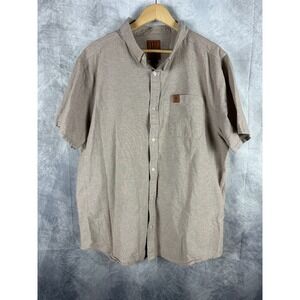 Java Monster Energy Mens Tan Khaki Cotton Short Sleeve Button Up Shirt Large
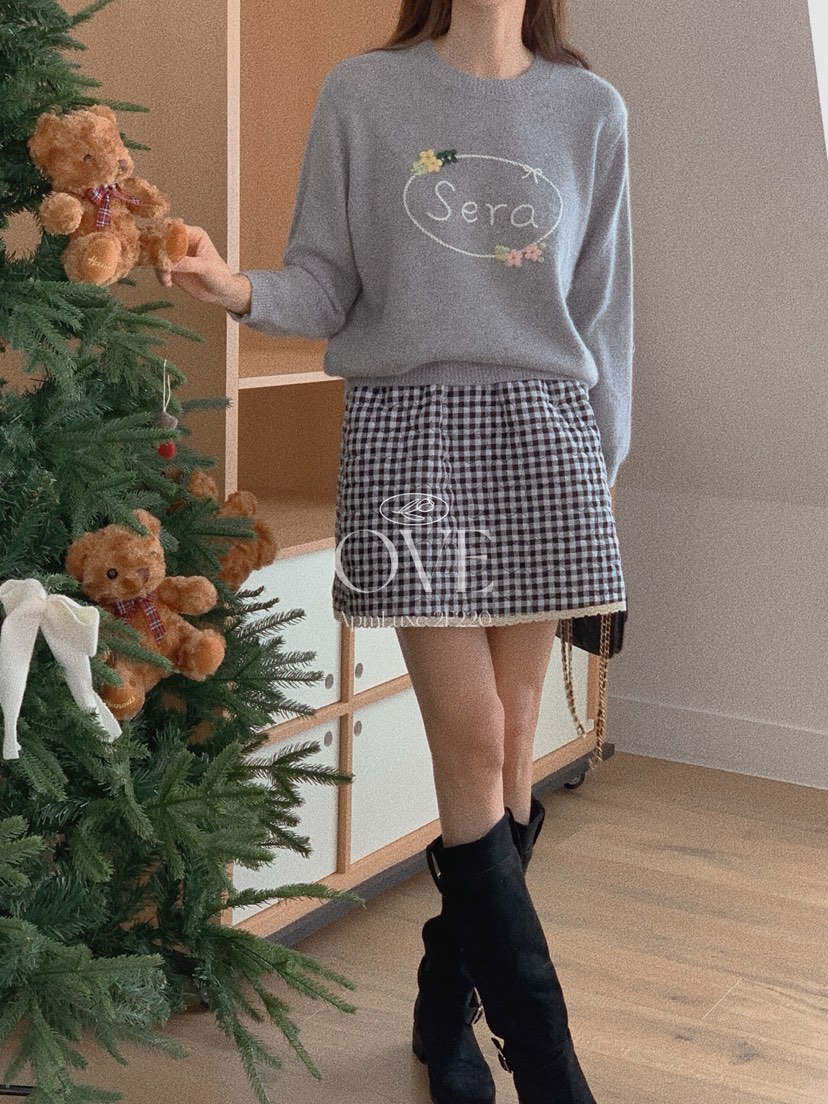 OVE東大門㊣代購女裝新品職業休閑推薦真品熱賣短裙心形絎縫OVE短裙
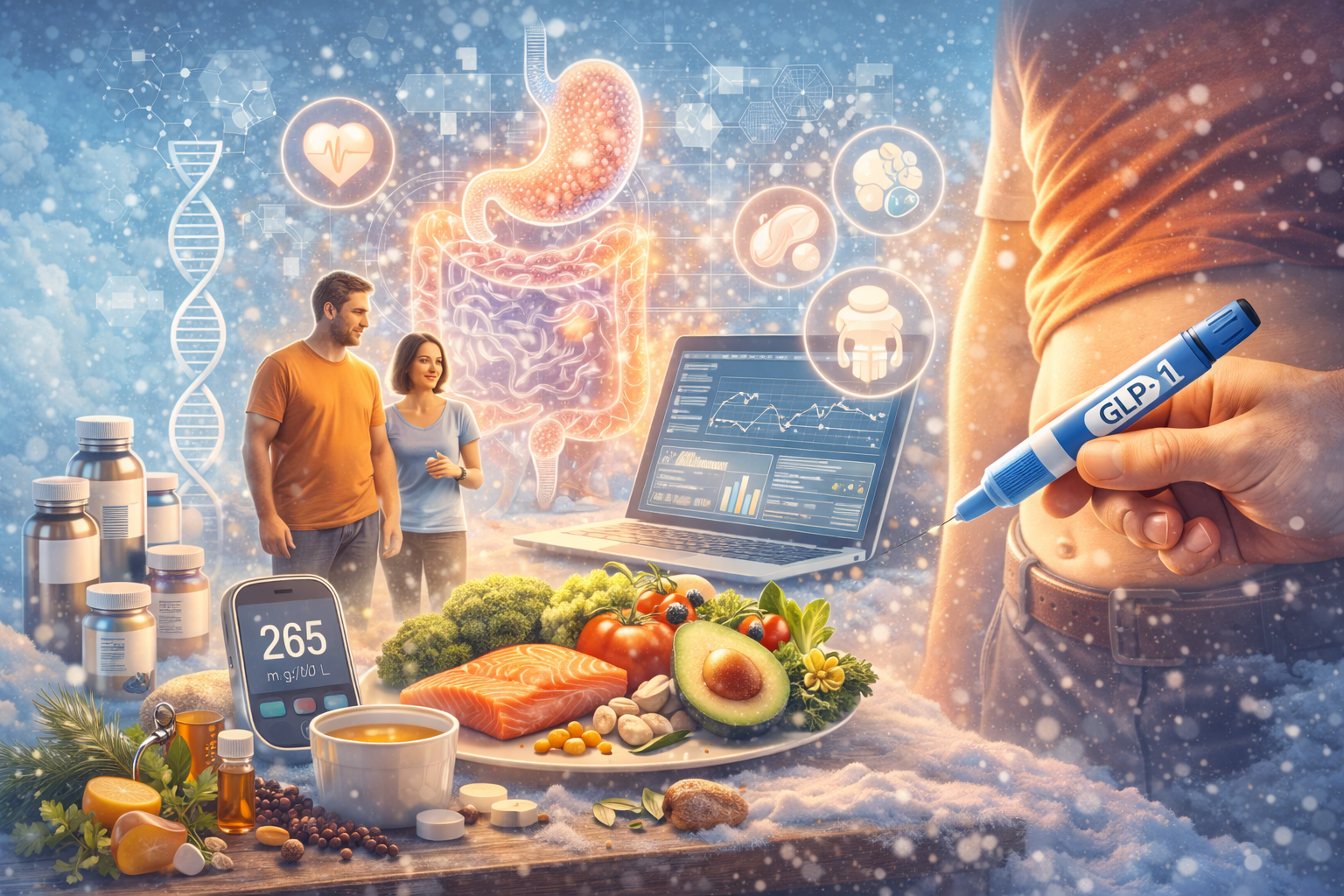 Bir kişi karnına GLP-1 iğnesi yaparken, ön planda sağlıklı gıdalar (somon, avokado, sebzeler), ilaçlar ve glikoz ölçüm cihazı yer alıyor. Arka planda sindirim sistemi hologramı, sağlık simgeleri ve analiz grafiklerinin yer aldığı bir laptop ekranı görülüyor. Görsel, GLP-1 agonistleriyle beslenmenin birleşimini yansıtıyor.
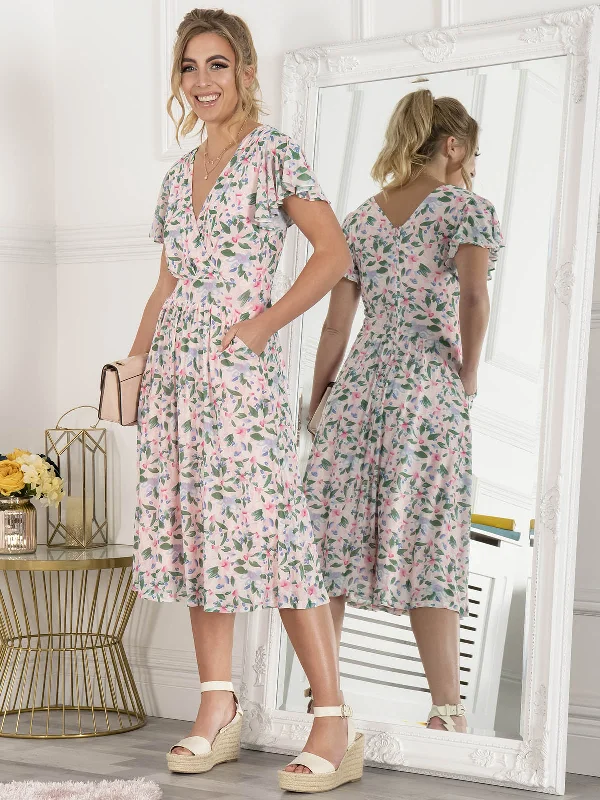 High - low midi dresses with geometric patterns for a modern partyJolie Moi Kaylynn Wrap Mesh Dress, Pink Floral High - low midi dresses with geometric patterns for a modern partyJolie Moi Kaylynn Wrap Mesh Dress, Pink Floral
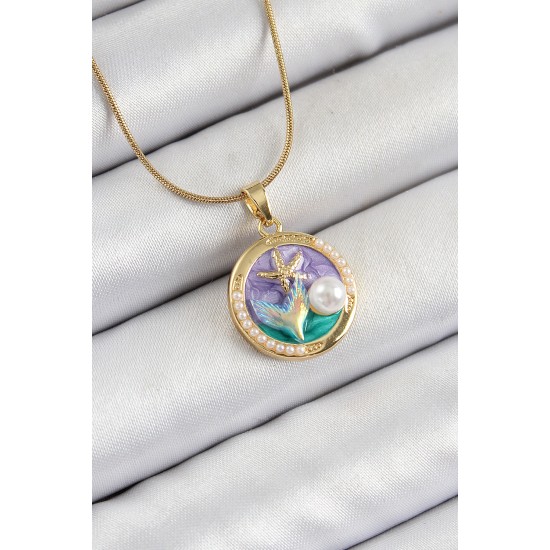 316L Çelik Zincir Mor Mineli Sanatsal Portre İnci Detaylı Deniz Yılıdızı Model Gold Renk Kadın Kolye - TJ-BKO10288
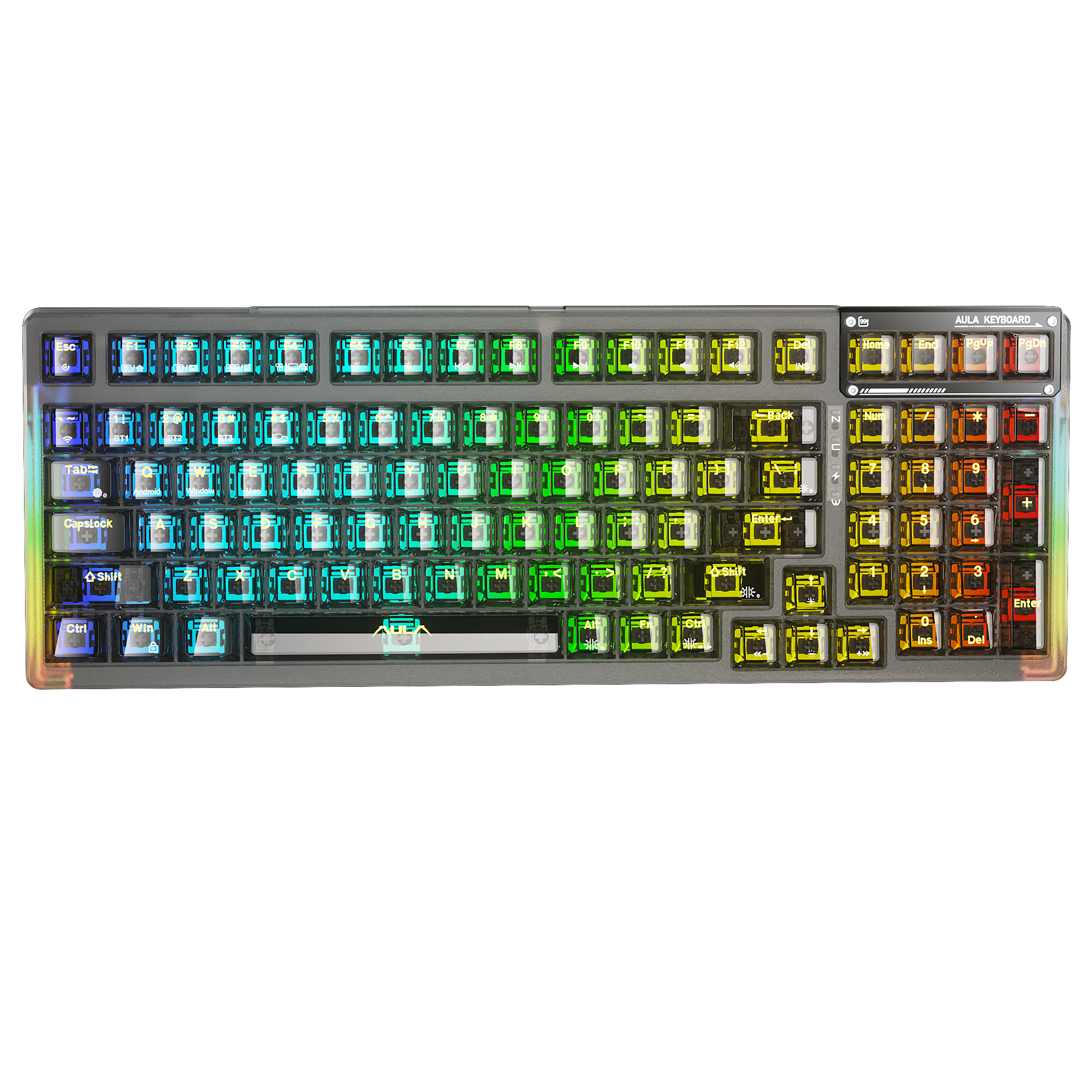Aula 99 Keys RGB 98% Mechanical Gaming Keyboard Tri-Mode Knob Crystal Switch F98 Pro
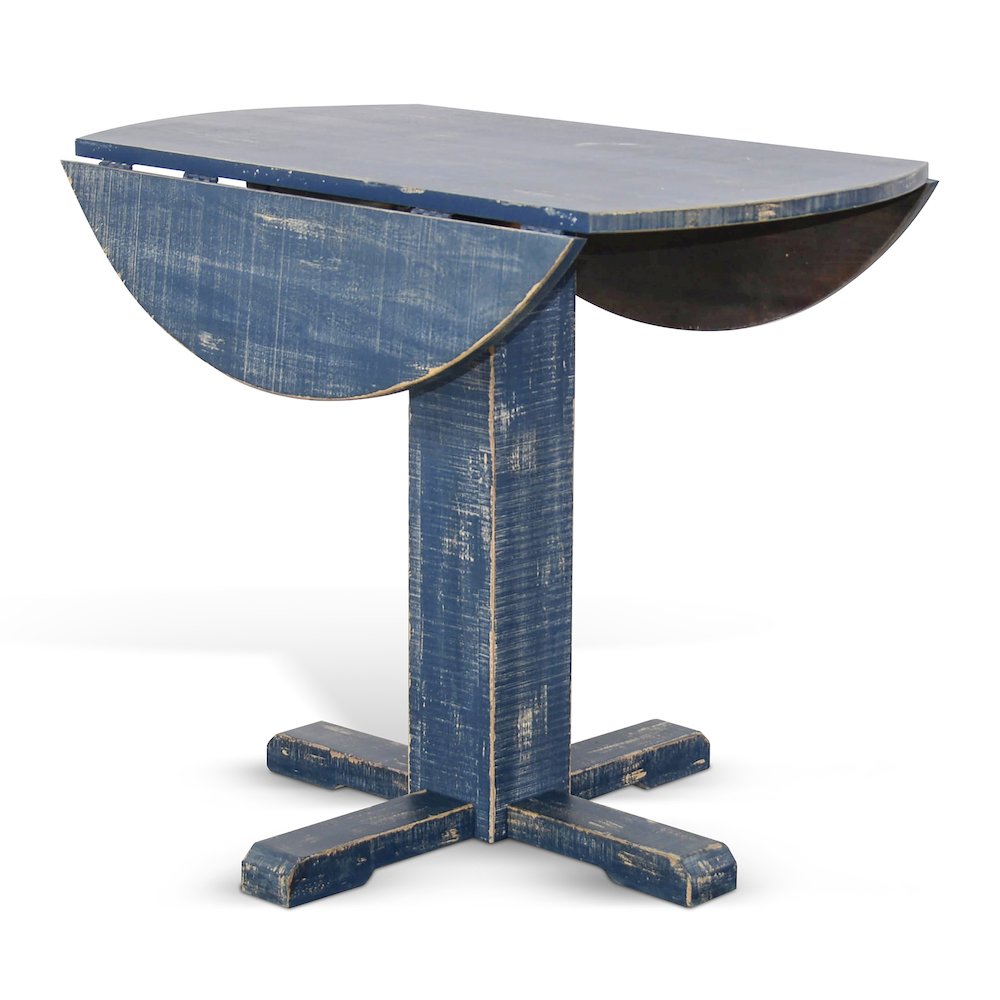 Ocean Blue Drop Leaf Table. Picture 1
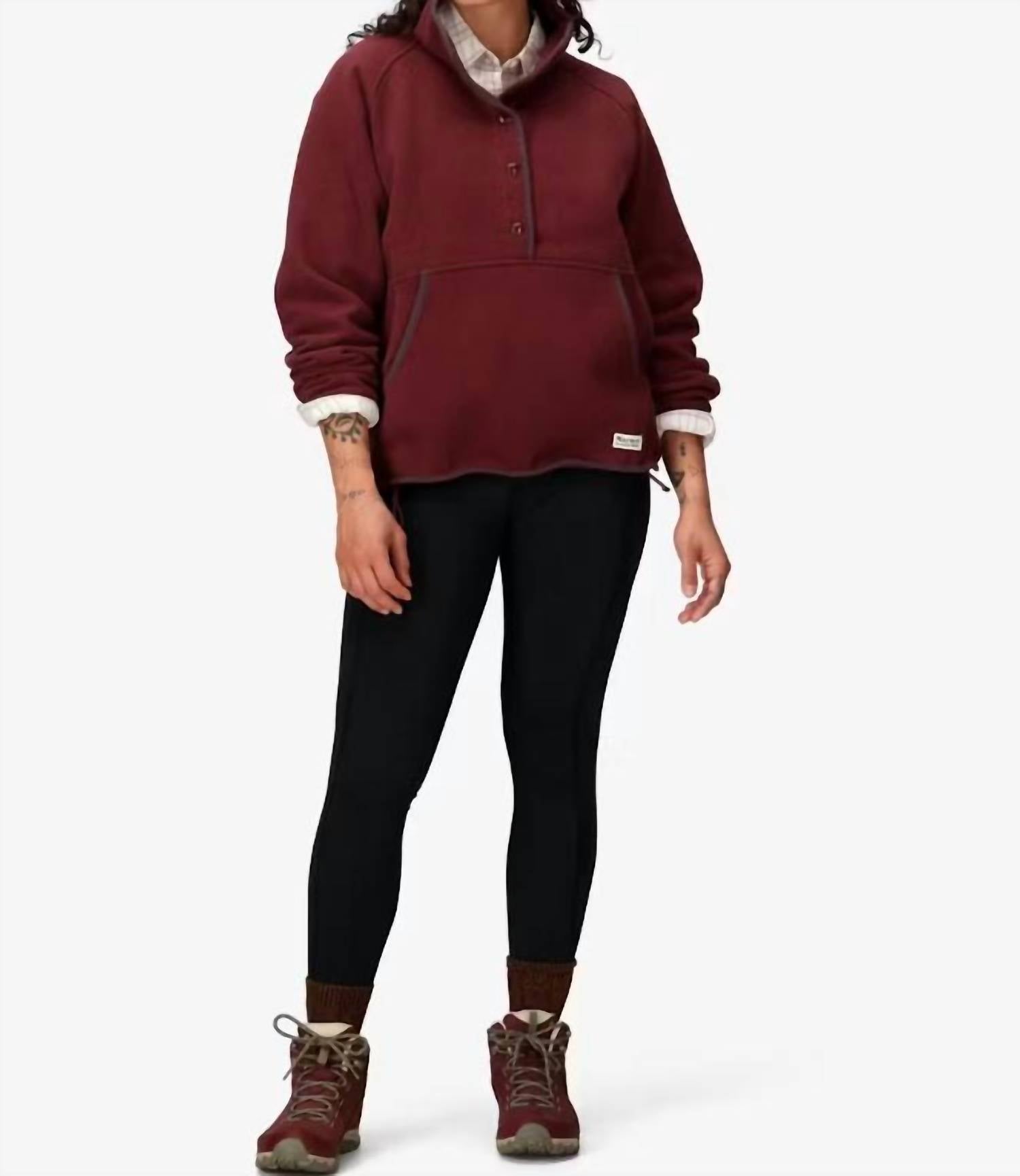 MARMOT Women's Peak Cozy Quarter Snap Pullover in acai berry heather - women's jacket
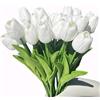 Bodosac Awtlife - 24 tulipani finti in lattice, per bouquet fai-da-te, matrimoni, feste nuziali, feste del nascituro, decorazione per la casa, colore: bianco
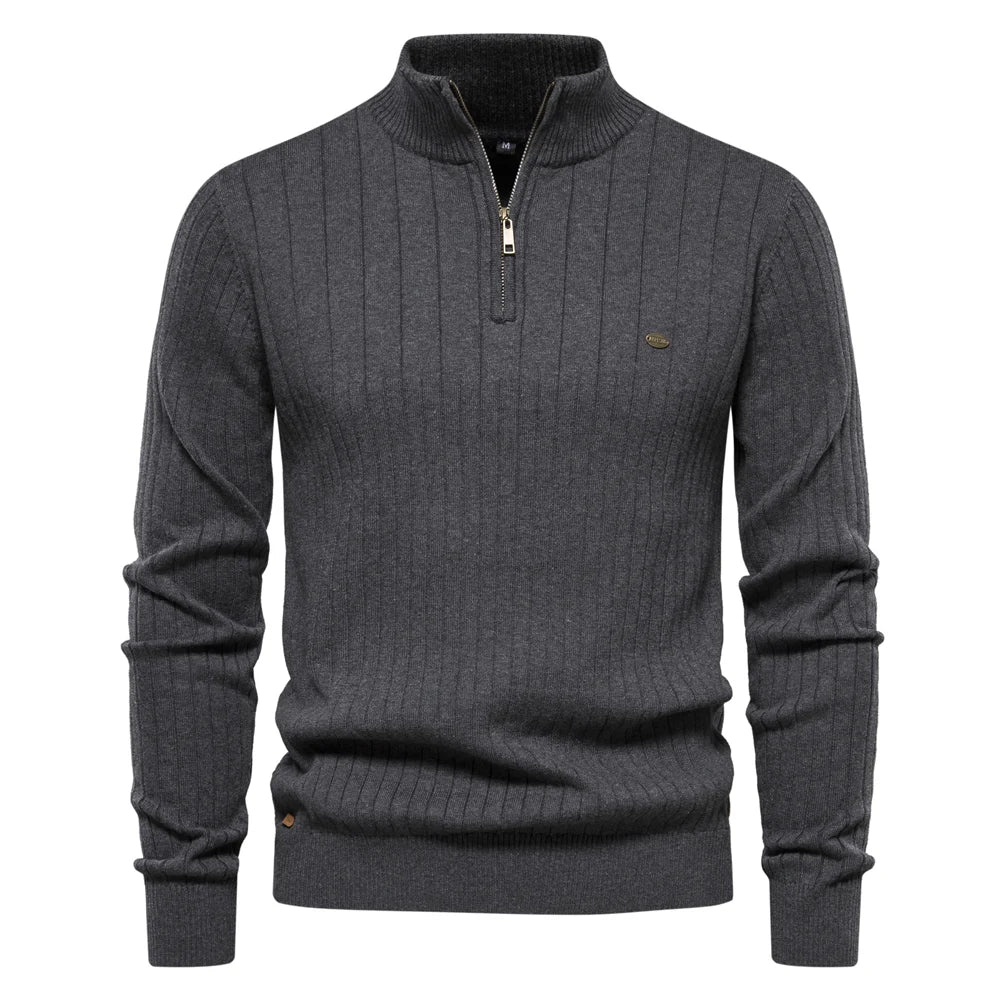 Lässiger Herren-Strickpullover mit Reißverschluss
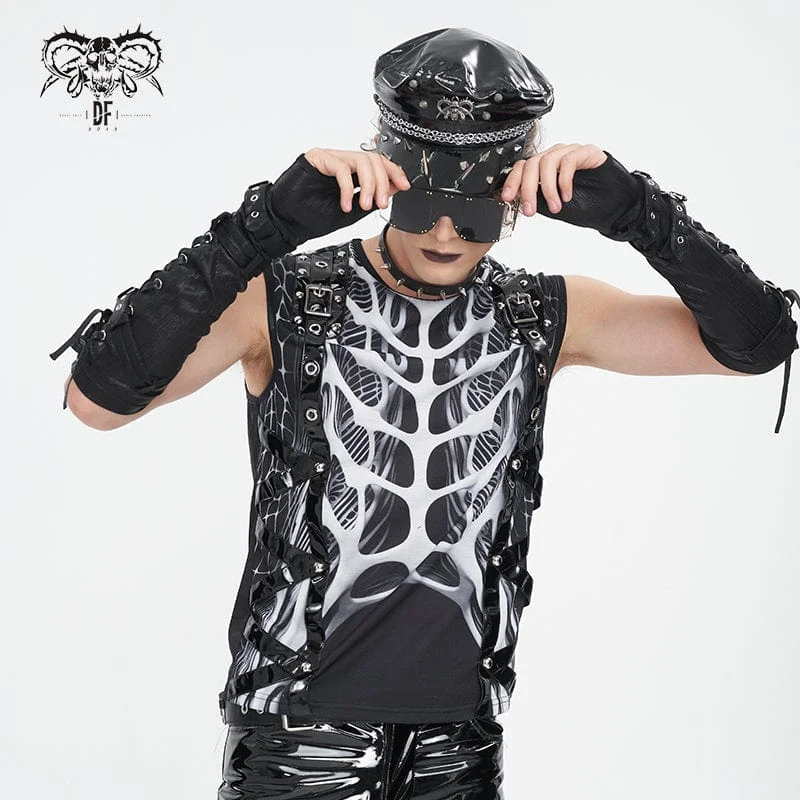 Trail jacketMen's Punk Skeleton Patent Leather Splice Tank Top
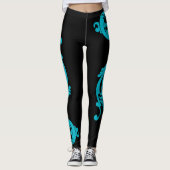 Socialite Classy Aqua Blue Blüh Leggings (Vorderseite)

========================

Directions
From the first line of the entries above through the line with "Bir kişi karnına", set down each line exactly and drop the pictures.

Task output
 Java Monster Energy Mens Tan Khaki Cotton Short Sleeve Button Up Shirt Large
 OVE東大門㊣代購女裝新品職業休閑推薦真品熱賣短裙心形絎縫OVE短裙
 Bir kişi karnına GLP-1 iğnesi yaparken, ön planda sağlıklı gıdalar (somon, avokado, sebzeler), ilaçlar ve glikoz ölçüm cihazı yer alıyor. Arka planda sindirim sistemi hologramı, sağlık simgeleri ve analiz grafiklerinin yer aldığı bir laptop ekranı görülüyor. Görsel, GLP-1 agonistleriyle beslenmenin birleşimini yansıtıyor.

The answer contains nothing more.